Beinn Bhuidhe from Loch Lomond
Posted: Mon Aug 01, 2011 10:19 am
My favourite bit of Groundhog Day is when they’re driving a car along the railway track at the oncoming train.
Phil: It's the same thing your whole life: "Clean up your room. Stand up straight. Pick up your feet. Take it like a man. Be nice to your sister. Don't mix beer and wine, ever." Oh yeah: "Don't drive on the railroad track."
Gus: Well, Phil, that's one I happen to agree with.
After last Wednesday you could have rewritten that for my friend Gordon.
Davie: It's the same thing your whole life: "Clean up your room. Stand up straight. Take a map and compass. Remember your boots. Be nice to your sister. Don't mix beer and wine, ever." Oh yeah: "Don't go to Beinn Bhuidhe from Loch Lomond."
Gordon: Well, Davie, that's one I happen to agree with.
We parked at the gate in Glen Falloch 319197. There I found I’d brought two left boots so instead I was doing the day in a pair of Ecco goretex street shoes. We hauled the bikes over a locked gate. The initial climb, about 250 metres in 1.5 k is murderous. It then flattens. The 3 k along to the end of the track is a bit like Enver Hoxha’s Albania as each burn you cross is trapped and stolen in a large concrete pillbox. The bikes are abandoned at the pipe, 279211.
The next bit, the traverse to Glen Fyne is dispiriting Four kilometres in which you lose 150 metres trudging through long grass and tussocks under serious assault by clegs are going to make you grumpy. . If you’re ever tempted to do it, follow the path to its end, then take a long diagonal down to the burn. Follow the left bank of the burn. The Fyne can be a bit of an obstacle but it was barely a burn today and we hopped across it at 246208. There’s a path then a track down the glen towards the standard route.
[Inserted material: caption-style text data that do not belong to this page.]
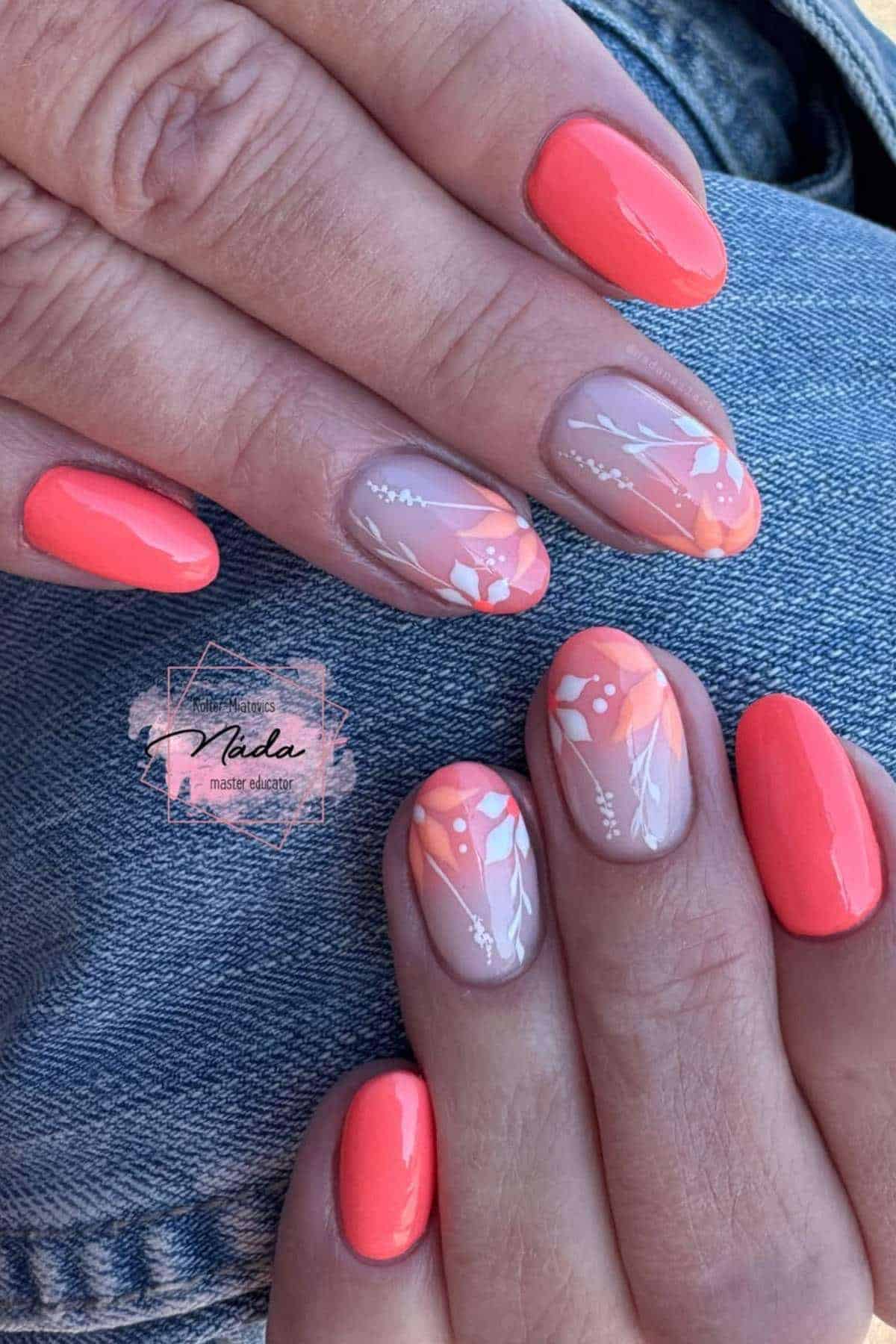 Hands with coral-colored manicure; some nails feature nude bases with orange tips and white floral designs. Hands rest on blue denim fabric.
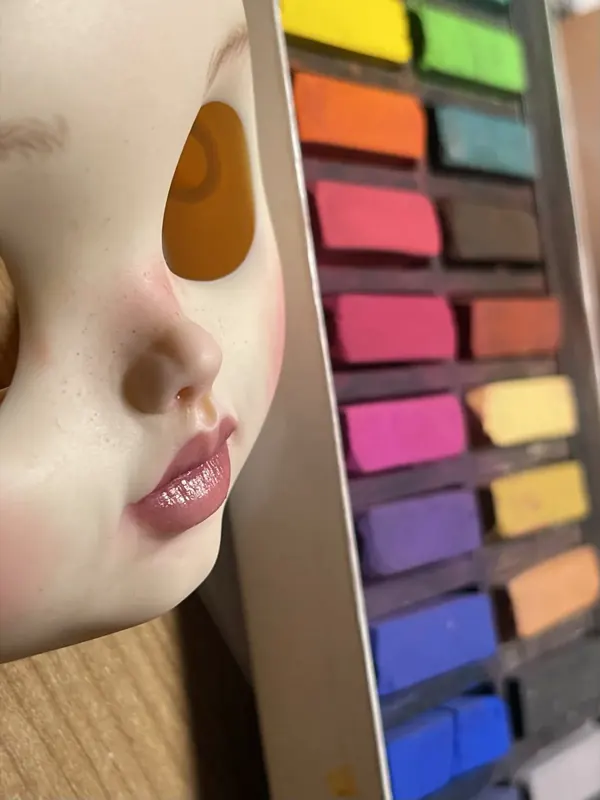 Rostro junto a una caja de pasteles de colores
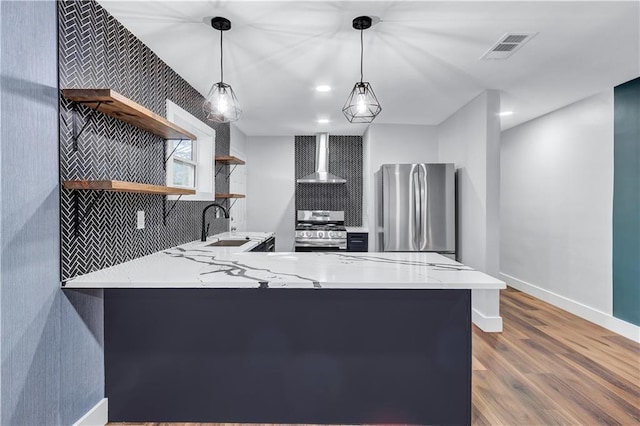 kitchen with open shelves, stainless steel appliances, a sink, wall chimney range hood, and wood finished floors
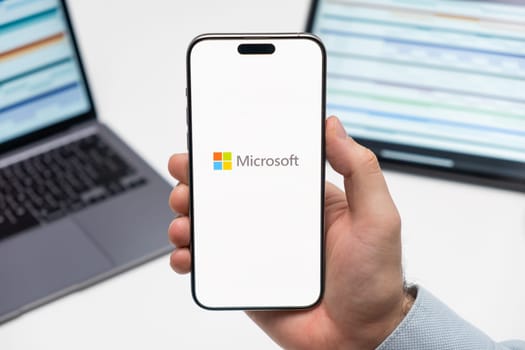 PRAGUE, CZECHIA - JULY, 2024: Microsoft logo on the screen of smartphone in mans hand and laptop on the background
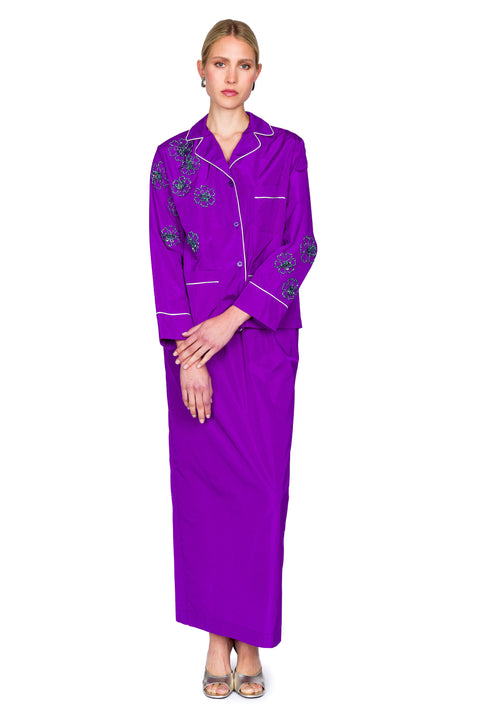 Woman wearing a purple button down pajama shirt with floral embellishments and a matching maxi skirt holding one wrist.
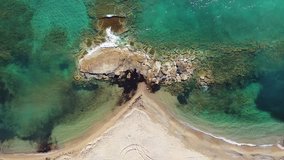Aerial drone video of tropical paradise deep turquoise mediterranean bay with sandy beach at sunset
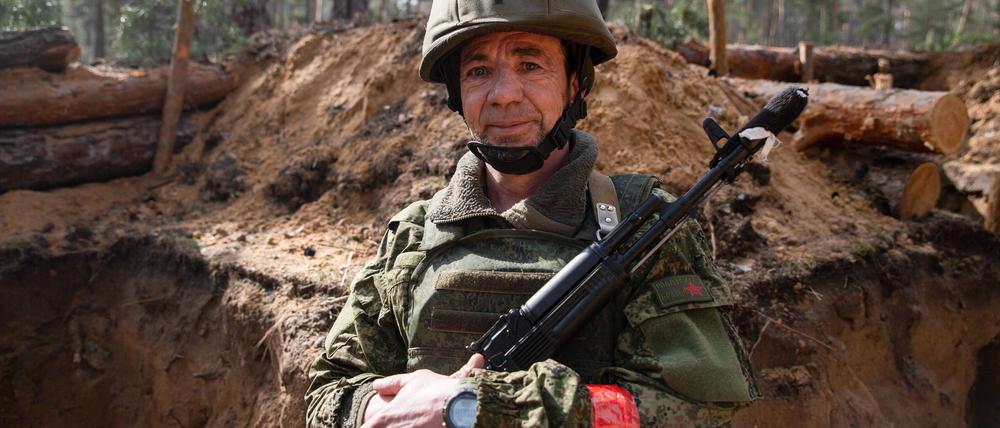 Ein russischer Soldat steht in einem Schützengraben.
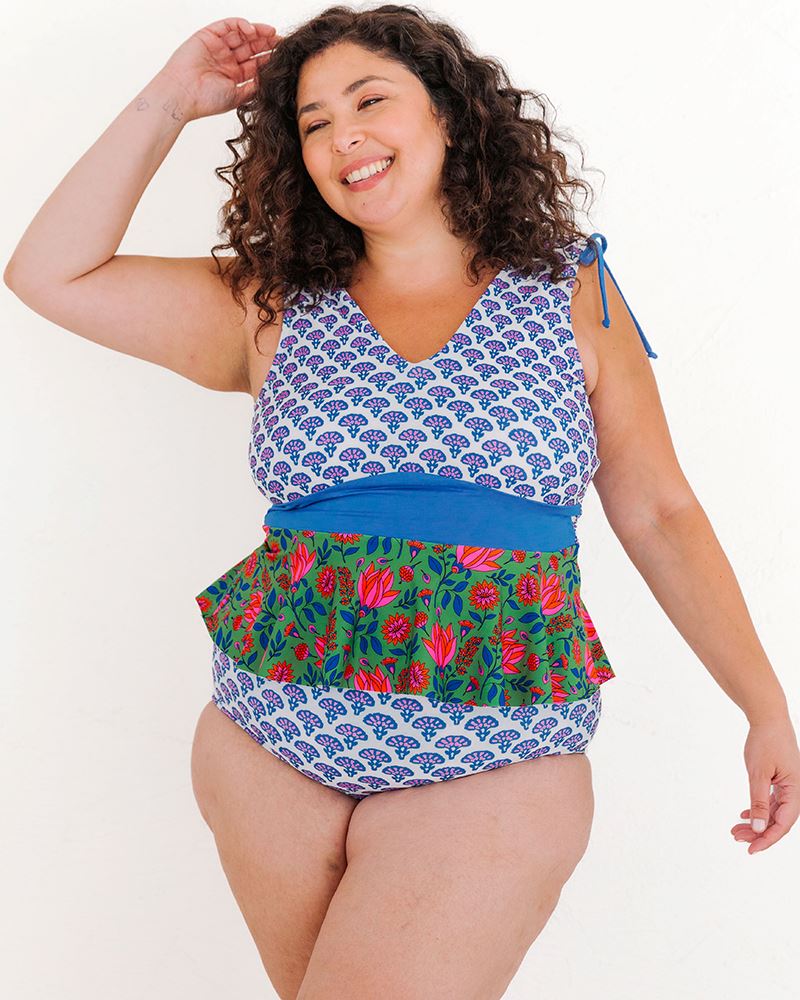 Photo of a woman wearing a Block Floral/ Fresco Floral reversible swim bottom Block floral side and a multi color peplum swim top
About 800 metres short of Inverchorachan, just before a small patch of woodland we cut up the hillside to make a climbing traverse to the upper corrie. By the waterfall we were following a faint track, with the Munro scar below us on the other side of the gully. There were three people on it, the only ones we saw all day. They must have turned back, we never saw them on the upper ridge. It seemed strange, it was getting late but it would only have cost them another 90 minutes to top and return. We intercepted the path below the final climb and followed it to the summit.
This had taken us 5 hours. We didn’t hang around long. Instead of leaving the summit by the Munro path, we tried returning along the top of the ridge. It’s pleasant and gives better views west. You also find signs that a well used path used to go this way. When did that change? The minor climb to point 901 seemed tough now. As for the two tops of Ceann Garbh, we by-passed them on the south.
The descent is now on a grassy ridge with outcrops. There are good views on each side, a new aspect on the Laoigh hills, a glimpse of Lochan Shira. We’d lost the clegs at about 500 metres and dropping to that level, we got them back again. A final crag, a fence and then we dropped south east to rejoin the path in Glen Fyne at a group of shielings, not marked on the map.
We retraced our path to the bikes, a fairly pathetic pair. I was stumbling in my street shoes, the clegs were wicked and going uphill this late in the day, through clumpy grass to retrieve your bike, demoralises. Gordon took time to point out that I’d done this route before and how in god’s name had I forgotten its defects. He was right and it was then I thought of Groundhog Day.
The cycle back was fine, if hair-raising. It seemed impossible we’d got up a hill as steep as that with one stop to push. My forks have a slight leak and such was the pounding they were taking the liquid was spraying back over my legs when the forks compressed. My legs never look great but the combination of red cleg bites and black oil splashes didn’t get me admiring glances when I got home.
The chief attraction of this route is just that it’s not the Munro motorway but doing the full length of Ben Bhuidhe’s ridge is fun. I’ve thrown in Meall an Fhudair when doing it before, but that’s silly.